1. CLAIMS 1. A process for autogenously joining two sheets comprising the steps of: providing a pattern roll; providing a fluid applicator roll juxtaposed axially parallel to the pattern roll and forming a contact point for fluid transfer therewith; providing a roller with steel anvil juxtaposed axially parallel to the pattern roller forming a contact point for attachment thereto; providing a first sheet and a second sheet, the process is characterized by the steps of; applying a functional fluid to the first sheet at selective sites; assembling the first sheet in a face-to-face relationship with the second sheet; and transporting the first and second sheets assembled to the contact point for bonding whereby the two sheets selectively bind at some of the selective sites.

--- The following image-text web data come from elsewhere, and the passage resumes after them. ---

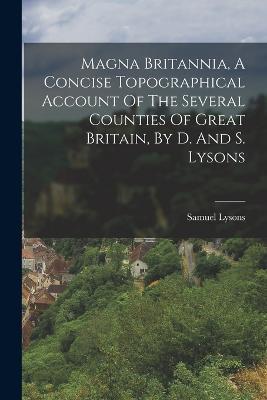 Magna Britannia, A Concise Topographical Account Of The Several Counties Of Great Britain, By D. And S. Lysons - Samuel Lysons - cover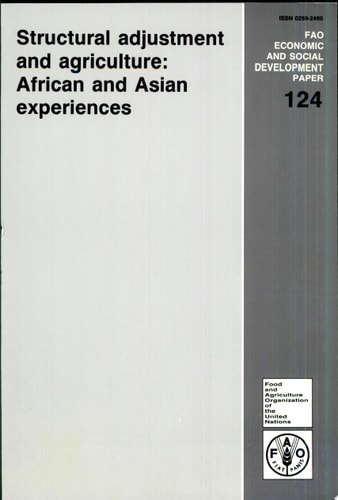 Structural Adjustment and Agriculture African and Asian Experiences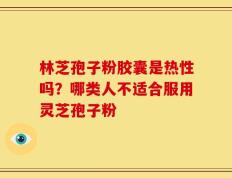 林芝孢子粉胶囊是热性吗？哪类人不适合服用灵芝孢子粉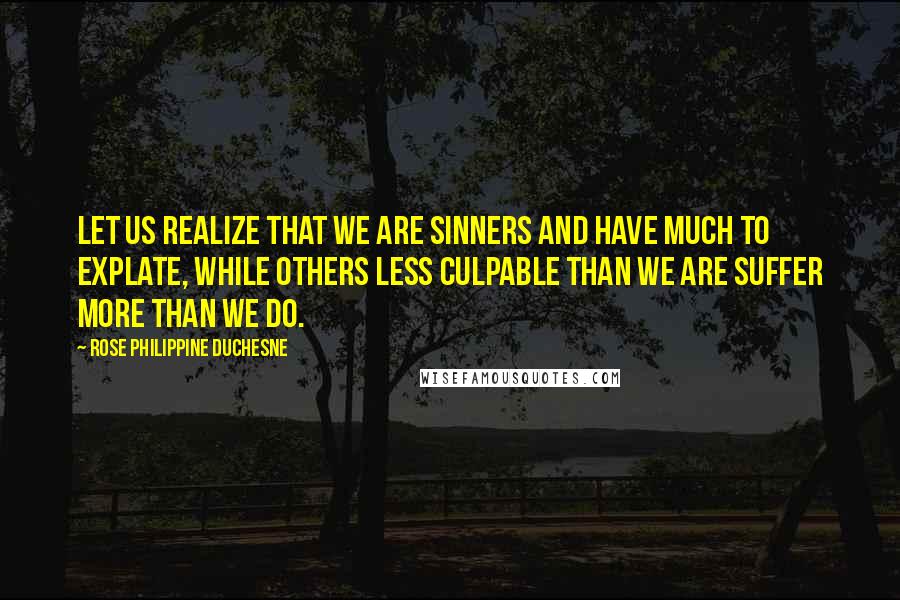 Rose Philippine Duchesne Quotes: Let us realize that we are sinners and have much to explate, while others less culpable than we are suffer more than we do.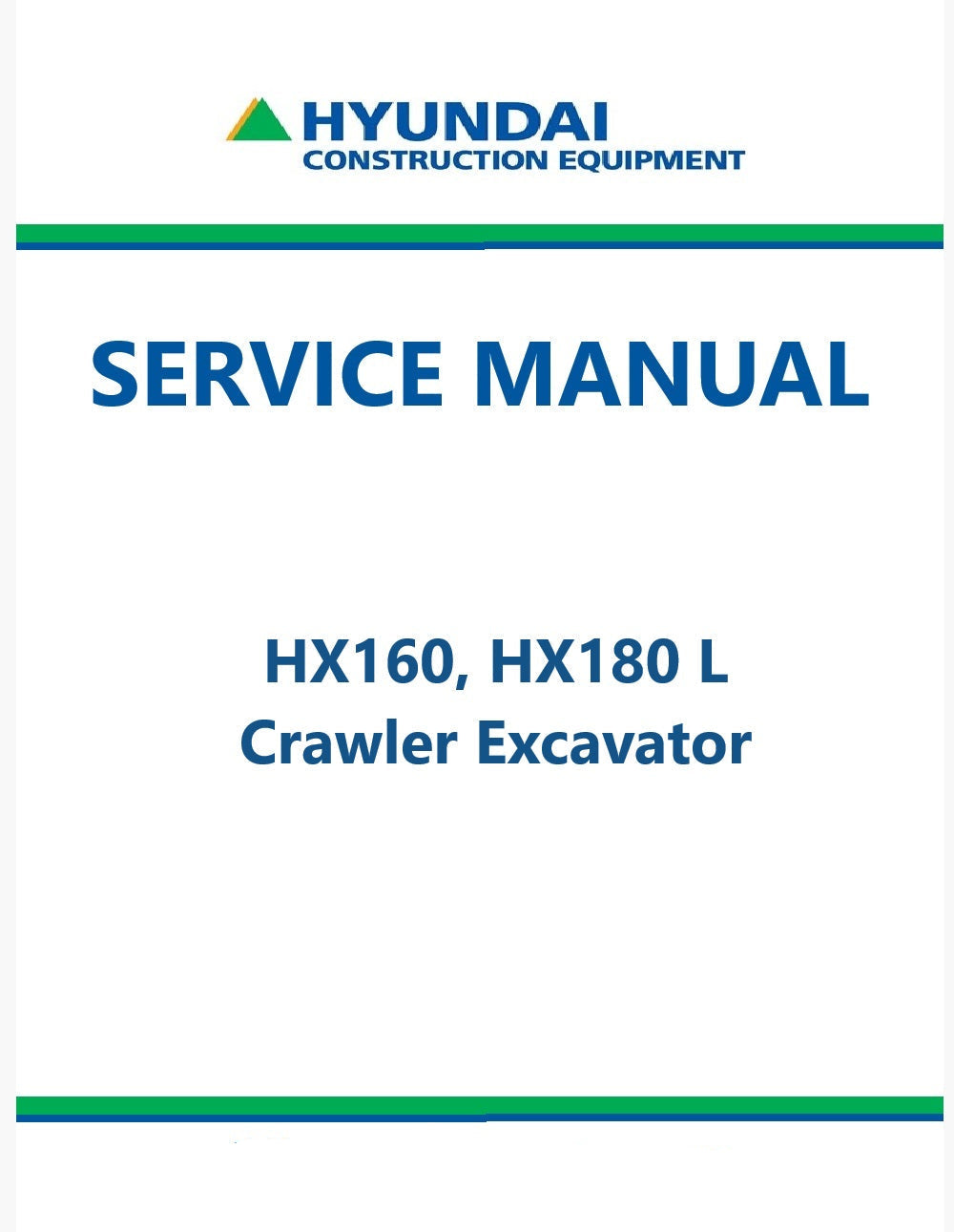 Hyundai HX160, HX180 L Crawler Excavator Pdf Repair Service Manual
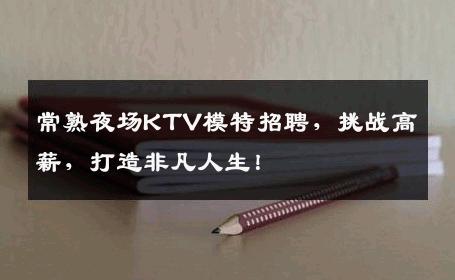常熟夜场KTV模特招聘，挑战高薪，打造非凡人生！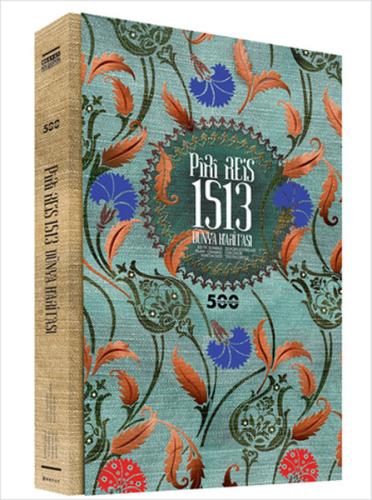 Pr Reis 1513 Dünya Haritası (Ciltli) Erhan Özer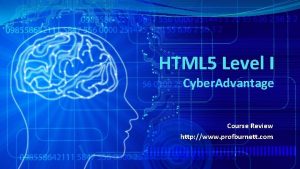 HTML 5 Level I Cyber Advantage Course Review
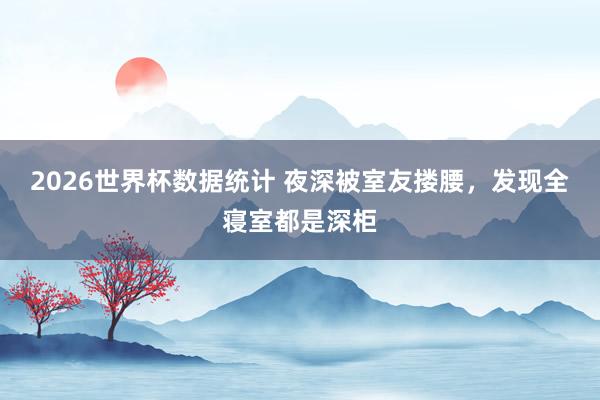 2026世界杯数据统计 夜深被室友搂腰,发现全寝室都是深柜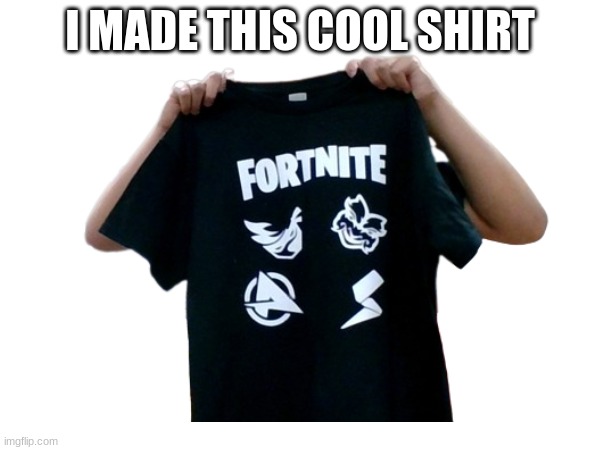 I MADE THIS COOL SHIRT | made w/ Imgflip meme maker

2. 2. The process according to claim 1, wherein the functional fluid is water.
3. 3. The process according to claims 1 and 2, wherein the first sheet and the second sheet are treated with a chemical softening agent.
4. 4. The process according to claims 1, 2 and 3, wherein the pressure produced at the point of contact for bonding ranges from 40,000 psi to -60, 000 psi.
5. - 5. The process according to rei indications 1, 2, 3 and 4, where the pressure produced at the point of contact for union varies between 20,000 psi and 40,000 psi.
6. 6. The process according to claims 1, 2, 3, 4 and 5, where the fluid is applied by means of a fluid applicator roll, the fluid applicator roll comprises a periphery having territorial areas arranged thereon, the territorial areas correspond to the selective pattern on the first roll of pattern that limits the transfer of fluid to the selective sites on the first sheet.
7. 7. The process according to claims 1, 2, 3, 4, 5 and 6, wherein the first and second sheets are joined at all selective sites.
8. 8. The process according to claims 1, 2, 3, 4, 5, 6 and 7, wherein the protuberances recorded on at least one of the engraving rollers form a network of cells.
9. 9. The process according to claim 8, wherein a plurality of indicia are disposed within the network of cells.
10. 10. The process according to claim 9, wherein the plurality of indicia exhibits two or more decorative patterns.